A new application programming interface due to be released by Symantec next year could help users extend the functions of virtual tape libraries (VTLs).

A new application programming interface due to be released by Symantec next year could help users extend the functions of virtual tape libraries (VTLs).

VTL technology, which emulates tape storage using disc-based systems, is becoming increasingly popular among enterprises as data volumes increase. By backing up data to discs instead of tapes, VTL can speed up archive and recovery operations.

Stephanie Balaouras, senior analyst at Forrester Research, said a third of enterprises have already adopted a VTL, and the adoption of VTLs will increase by as much as 20% in five years.

"Historically, data was backed up to tape. But with data growing at double-digit rates each year, and back-up windows shrinking dramatically, enterprises are increasingly incorporating disc-based data protection into their back-up strategies.

"Today, a majority of enterprises are shifting to disc as the first line of protection thanks to VTLs and advanced technologies such as snapshots, which are now easier to manage," said Balaouras.
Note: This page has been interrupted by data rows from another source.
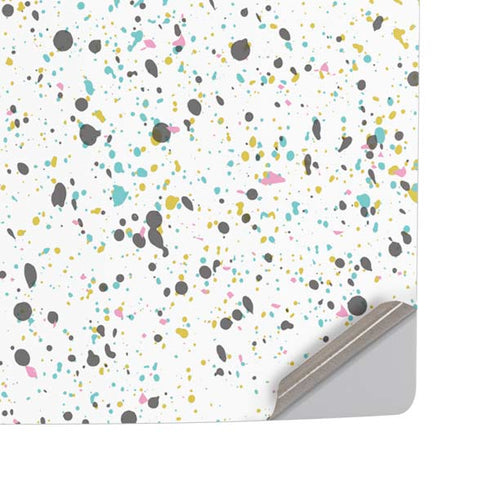 Speckled Funfetti PS5 Pro Disk Console Skin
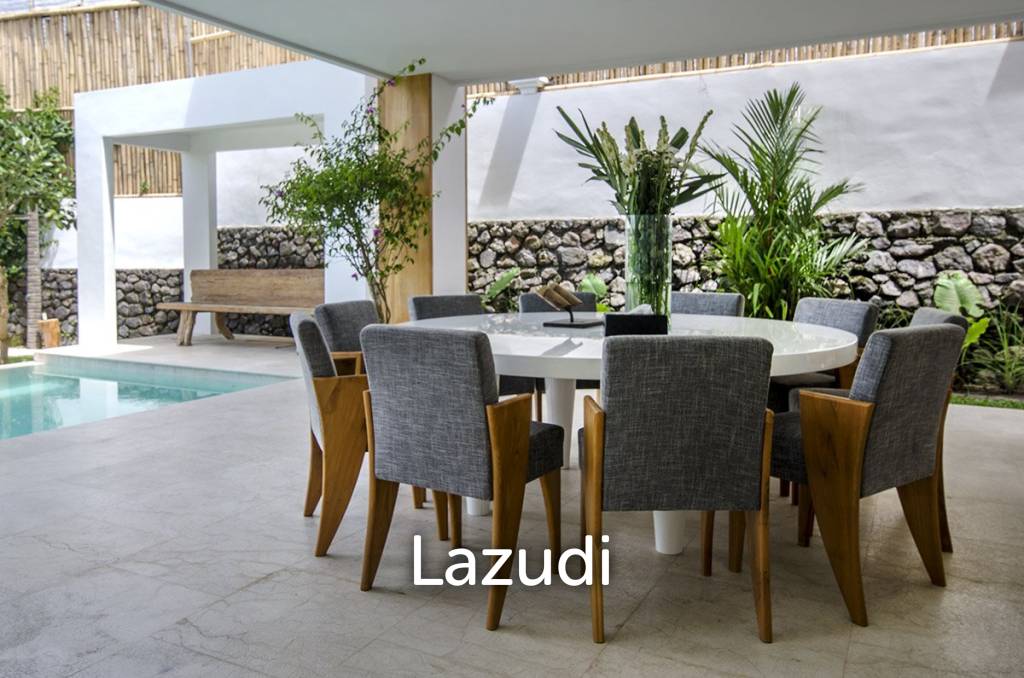 Mediterranean villa walking distance to Pererenan Beach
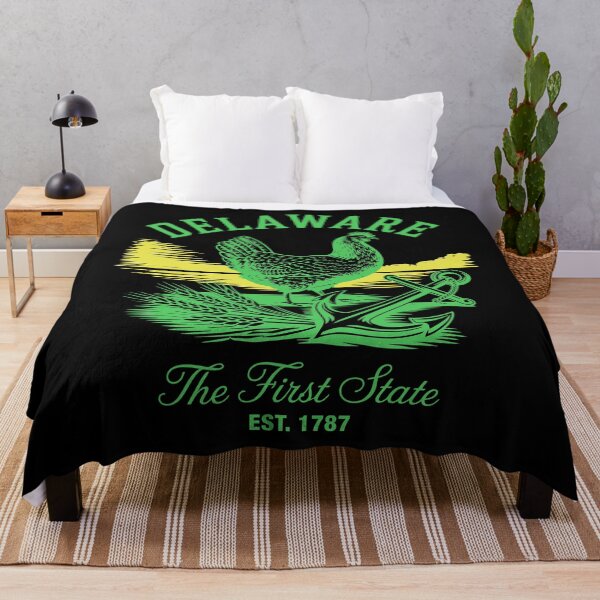 Item preview, Delaware The First State designed and sold by Whereiskim.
Symantec's Netbackup Openstorage API, which will be released as part of Netbackup 6.5, will expand the role of discs in the back-up process, said Jimmie Chang, principal research analyst at Gartner.
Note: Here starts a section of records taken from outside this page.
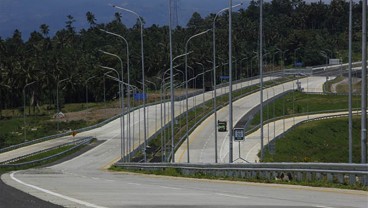 Dua Hari Lagi, Jokowi Resmikan Jalan Tol Manado-Bitung 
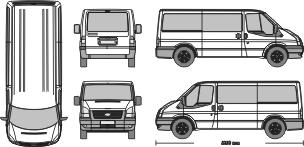 Ford transit схема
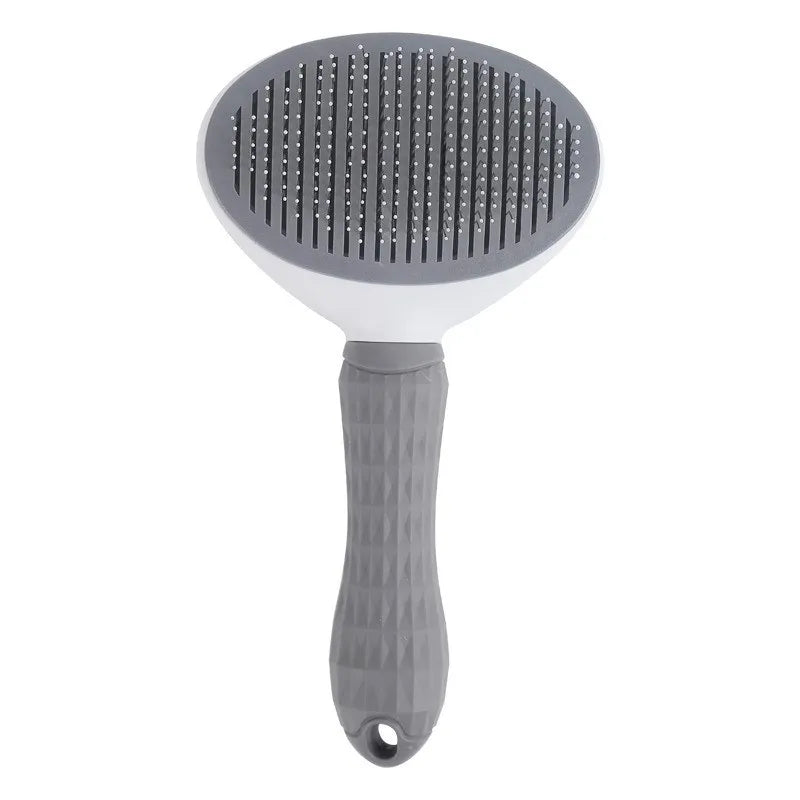 Hond Borstel Kat Kam Zelfreinigende Pet Hair Remover Brush Voor Honden Katten Grooming Gereedschap Huisdieren Dematting Kam Honden accessoires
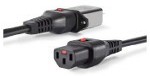 IL13-US2-SJT-3100-366, Cable Assembly Power Cord 0.366m 18AWG 3 POS Power to 3 POS Power F-PL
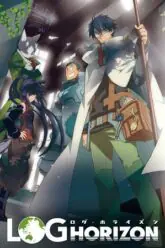 Download Log Horizon (Season 1 + 2 ) Multi-Audio [Hindi Dubbed – English – Japanese] Anime Series 720p & 1080p BluRay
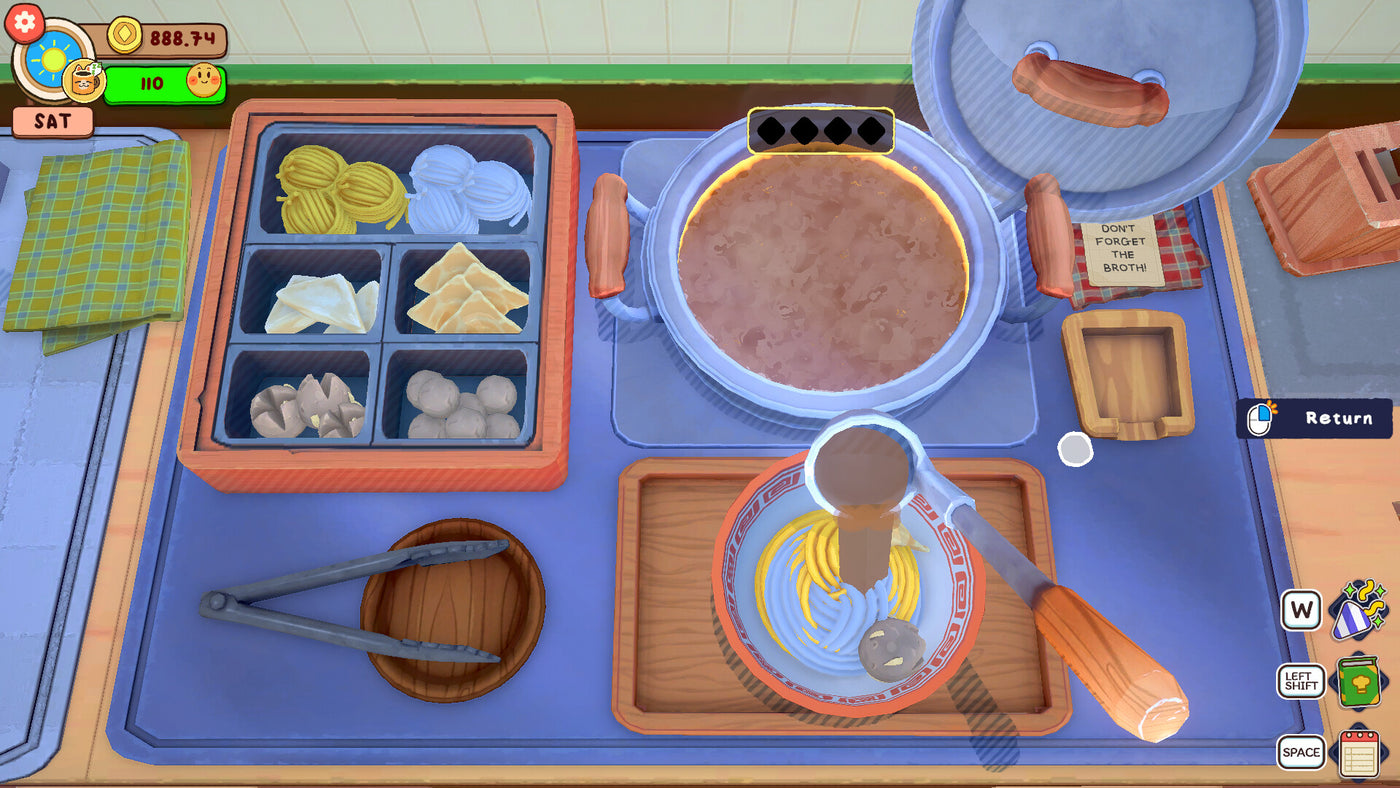 KuloNiku: Bowl Up! - PC (Steam) — скриншот 3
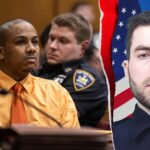 Man convicted of aggravated manslaughter in killing of NYPD detective; acquitted of murder NYPD cop's killer convicted of manslaughter, not guilty of murder after split jury ordered to delibe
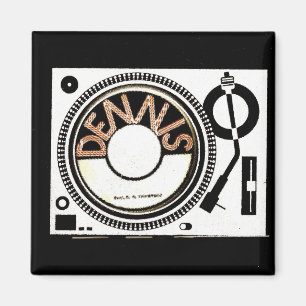 AIMANT DENNIS PLATINE TOURNANTE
The API will add new capabilities to the VTL, such as media server load balancing and failover, and the ability to create tapes for off-site storage while accurately recording the location of all recovery sets in the back-up catalogue, said Chang.

Symantec said nine VTL technology suppliers will support the API, including Copan Systems, Data­Domain, Diligent Technologies, EMC, FalconStor Software, Network Appliance, Sepaton, Quantum and Sun Microsystems.
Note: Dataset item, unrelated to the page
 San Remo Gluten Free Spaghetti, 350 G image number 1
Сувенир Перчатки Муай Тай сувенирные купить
"Users have been aware for some time that disc-based back-up solutions can offer better back-up and recovery performance than traditional tape technologies. VTL technology has been increasing its market share within the physical tape market," said Chang.

He added that a VTL's approach of treating disc as tape generally makes it easier to migrate from traditional tape devices to a disc-based approach. But Chang warned users that this approach had some disadvantages.

"For example, VTL's arbitrary 'virtual tape cartridges' on disc can be owned by only one media server and perform only one read/write operation at a time," said Chang.

"Pre-allocation of space within virtual cartridges means disc capacity is wasted if the disc is not filled up."

In addition, VTL users who want to make a copy of a physical tape for off-site archiving must do so through separate VTL management tools. This can complicate the management process.